I also admire the work of Patrick Heron. Although he was asthmatic, which I am, and his wife passed away in about 1980 (mine died in 2001) his writings, intellect and sense of colour are fundamental to many of the views I share on creativity.

Patrick Heron, Yellow Painting: October 1958 May/June 1959, oil on canvas © Estate of Patrick Heron (collection TATE)

Heron’s work in the 1950s, 60s and 70s influenced my own sense of design, colour and composition for ever. I also liked his sense of pride in British Art of the first and second generation St Ives painters against American cultural imperialism of the 1950s. He dressed, in later years in similar colours as he painted with! I have also visited Eagles Nest, Patrick Heron’s house in Cornwall.

Patrick Heron – studio, 1964. Photograph © Estate of Jorge Lewinski

Share something unusual you’ve learnt from looking at the work of other artists.
Look closely, especially at the edges.

How do you generate or develop ideas for your own art?
They generate me, they are a response to something I see, hear or smell or read. So, how do come about or decide on the titles for your work? I think they should be fairly direct and simpler rather than obscure or pretentious. If the title becomes too burdensome or long-winded, then it’s arguable that it should be part of the artwork itself. If artworks are guns, then the titles could be classed as their triggers, waiting to be pulled by the viewer.

Anthony Jones, The flagellation of Christ, 24″ x 36″,  oil on canvas

Could you describe your studio space set-up.
I have a small studio at Cuckoo Farm Studios, Colchester. It has two windows, one at each end, a sink with cold water, easel, the usual usual stuff…

What’s the purpose of drawing for you as an artist?
It’s the graphic materialisation of an idea, and an exercise in developing how to look and possibly record.

What single piece of advice would you give to an aspiring or young artist?
Learn how to draw well.

And, if you had to choose between using a pen or a pencil to draw with – which one and why?
Pencil. I am used to it, it’s versatile, it can can be delicate or it can be bold.

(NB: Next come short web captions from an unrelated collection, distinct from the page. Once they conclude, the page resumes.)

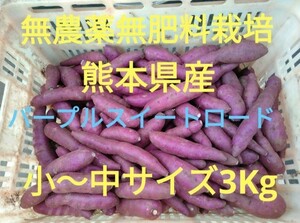 ●無農薬無肥料栽培●熊本県産●パープルスイートロード（紫芋）●小～中サイズ●3Kg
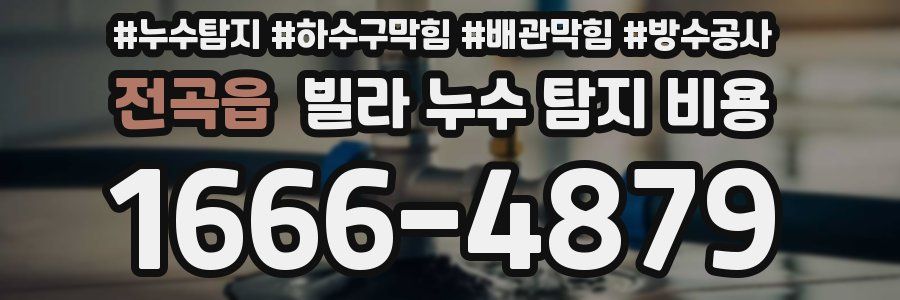 전곡읍 빌라 누수 탐지 비용
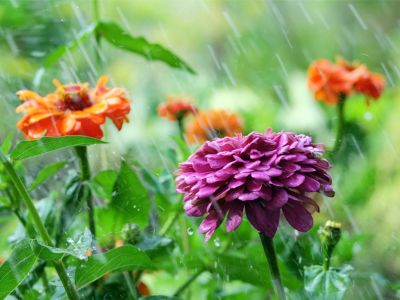 Orange and purple zinnias in the rain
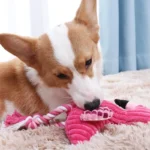 Animal Shape Squeaky Toys Plush Dog Toy Cute Bite Resistant Corduroy Dog Toys for Small Large Dogs Puppy Pet Dog Accessories - Image 3
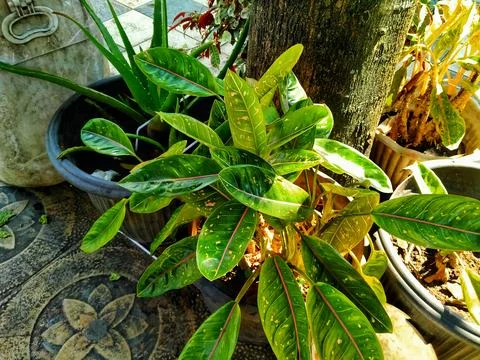 Decorative plants Stock Photos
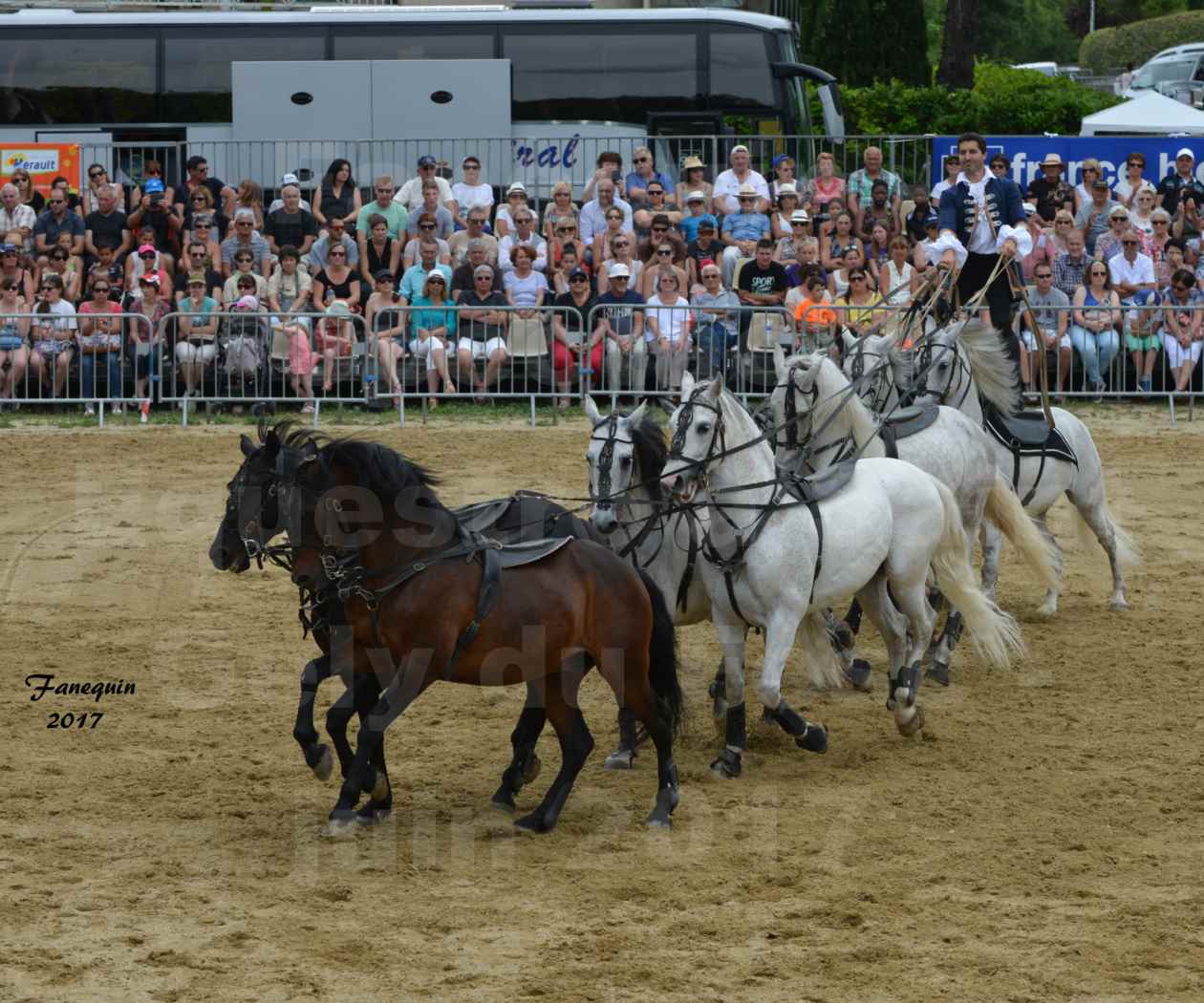 numéro de Poste HONGROISE avec 8 chevaux - Compagnie IMPULSION - Salon Pêche Chasse Nature à Saint Gély du Fesc juin 2017 - 09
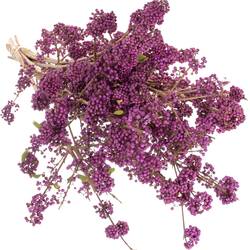 Callicarpa lila Super 70cm 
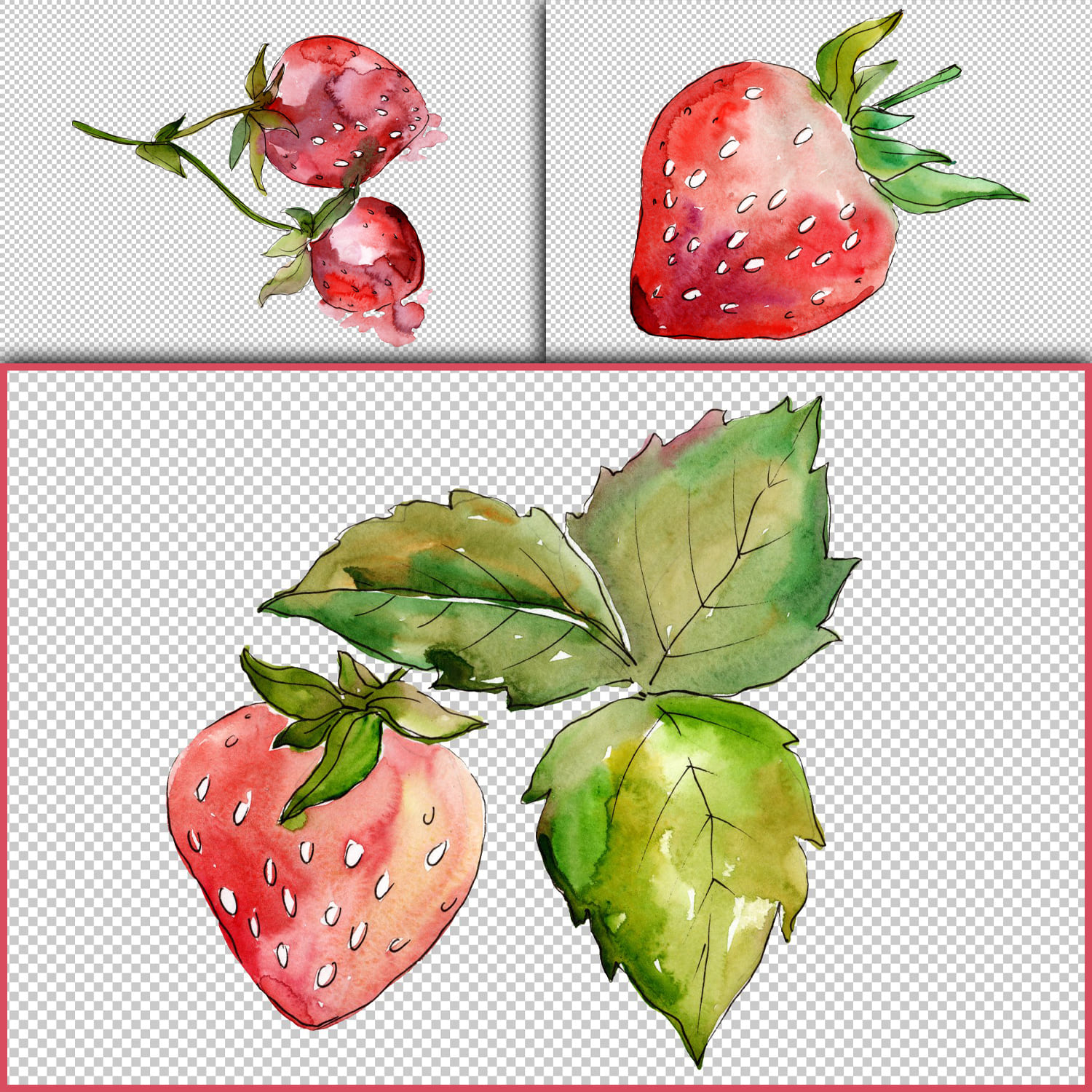 Strawberry Marmolada watercolor png cover.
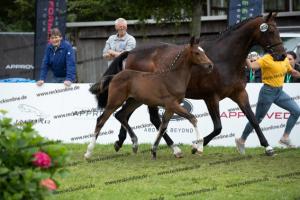 257 Escolar x Krack C  U7I4186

Which famous artwork would you most like to own, if money & space was not an issue?
Gwen John’s ‘Teapot on a tabletop‘, a small oil in Manchester Art Gallery, or ‘Cottage in a Cornfield‘ by John Constable or ‘Birth of Venus‘ by Sandro Botticelli.

Sandro Botticelli, The Birth of Venus, c. 1486, Uffizi Gallery, Florence

Could you tell us about a work of art (contemporary or historical) that you don’t like – and why?
Anything by Bryan Wynter (a contemporary of Patrick Heron), it disturbs me too much, like a bad dream I used to have.

Bryan Wynter, Seedtime, oil on canvas, 1958-9 © Estate of Bryan Wynter (collection TATE)

Why do you need to make art?
It is essential to my personal well-being.

What do you think is the role of an artist in contemporary society?
To reflect and interpret.

A fantasy question to round off this ‘take five’ – which artist would you invite to dinner and what question/s would you ask them?
John Coltrane, Jazz Saxophonist: “Do you know any Beethoven?

A great question to conclude with, thank you for taking time out for the Artworks blog! To read more about Anthony’s work, head on over to his Artworks artist profile page, or see more of his various art projects on his own website: ajayeart.co.uk.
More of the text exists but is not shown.